2012年12月議会:上原ひでき 国の地方財政に対する認識について

2012年12月議会 一般質問

日本共産党伊丹市会議員団 上原秀樹

「1.高すぎる伊丹市国民健康保険税」はこちら

「2.中学校給食、公立幼稚園の今後のあり方」

3.国の地方財政に対する認識について

 報道によりますと、財務大臣の諮問機関「財政制度審議会」の財政制度分科会が、11月1日開催され、来年度予算編成を前にして、地方財政の分野では、地方自治体に給与削減を促すとともに、地方交付税を圧縮すべきだとの認識で一致したとのことです。

 その財務省主計局の資料を見ますと、驚くべき内容があります。たとえば、地方財政に対する認識として、「国は借金をしながら地方交付税を増やしている中、地方公共団体は貯金が増加している」「地方交付税の不足分は国と地方が借金により折半しているが、このことは地方の自律的な歳出抑制努力を促すという考え方。それを飛び越えて政策的に交付税を増額することは、地方が取り組んでいる自主的な歳出削減努力を妨げる恐れがある」「地方財政計画は、全国規模の地方財政の標準的な姿であり、その標準的な歳出は地方交付税によって財源確保する範囲・水準を実質的に画するもの。そもそも、財源不足の補填など国による財源保障自体が、地方の自立を妨げるとの問題がある」と。また給与関係では、「地方計画上、国家公務員の給与引き下げは給与関係経費には反映されていない」として、地方財政計画の上で公務員給与の引き下げを行い、そのことで全国的に1.2兆円の削減ができるとしています。

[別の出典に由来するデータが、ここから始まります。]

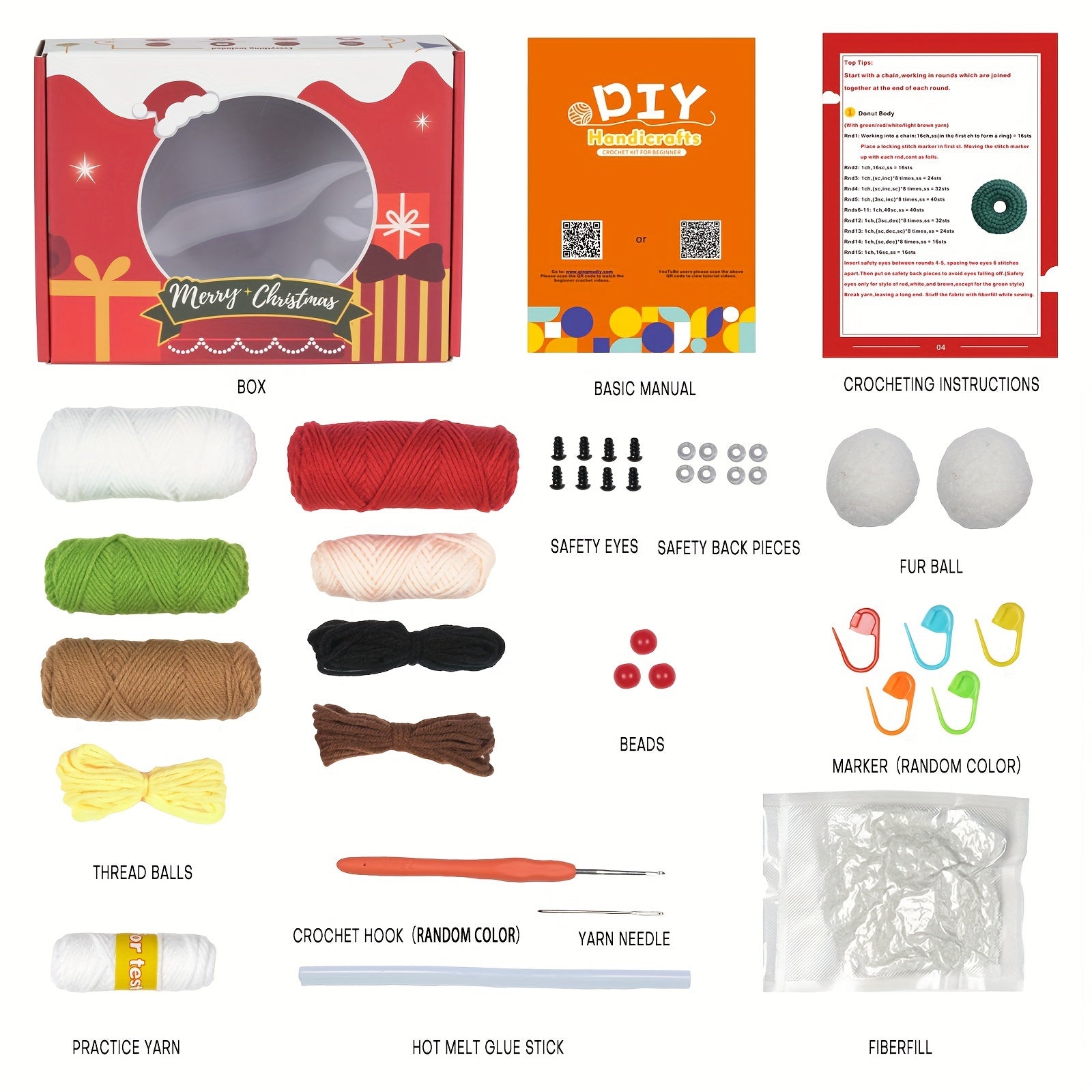 Beginner Crochet Kit w/ Step Guide - Perfect for Homemade Craft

 しかし、これらの考え方は、憲法92条に規定される「地方自治の本旨」、団体自治そのものをないがしろにし、地方財政計画の縮減によって、真綿で首を絞めるがごとく、地方の自主性を損なうもので、「地方主権」というならそれ自体を否定するものです。そもそも地方交付税法では、地方交付税の交付の基準を設定することを通じて、地方行政の計画的な運営を保障することによって地方自治の本旨の実現に資すること、地方団体の独立性を強化することとされているところです。財務省の考え方はこの法の趣旨にも反します。

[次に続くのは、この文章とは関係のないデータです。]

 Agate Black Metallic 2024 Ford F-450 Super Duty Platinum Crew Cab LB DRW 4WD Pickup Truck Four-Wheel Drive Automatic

 また、地方財政計画の根拠は地方交付税法第7条にあり、その地方財政計画は、地方交付税という財源保障制度を運用するための位置づけがなされています。財務省はその地方財源そのものを減らすといっています。この間若干なりとも地方交付税が増額されたのは、不況による地方税の減少と国庫補助金をなくして一般財源化したことによるものであり、地方財源そのものが増えたわけではありません。むしろ2004年の小泉構造改革による三位一体改革で大幅に地方交付税を減らし、予算が組めない事態に追い込んだ水準と大差はありません。

 そこでお伺いします。

 一つは、財務省の地方財政に対する考え方に対してどう認識されるのでしょうか。

 二つには、消費税10%増税によって地方消費税も1.54%増額することが、「国と地方の協議の場」における合意とされていますが、先に見ました地方財政への財務省の認識から見ると、地方財政を抑制することで地方交付税を削減し、地方消費税分が措置されたとしても、全体の地方財政が変わらなくなる可能性もあるのではないかと危惧するものですが、これに対する見解を伺います。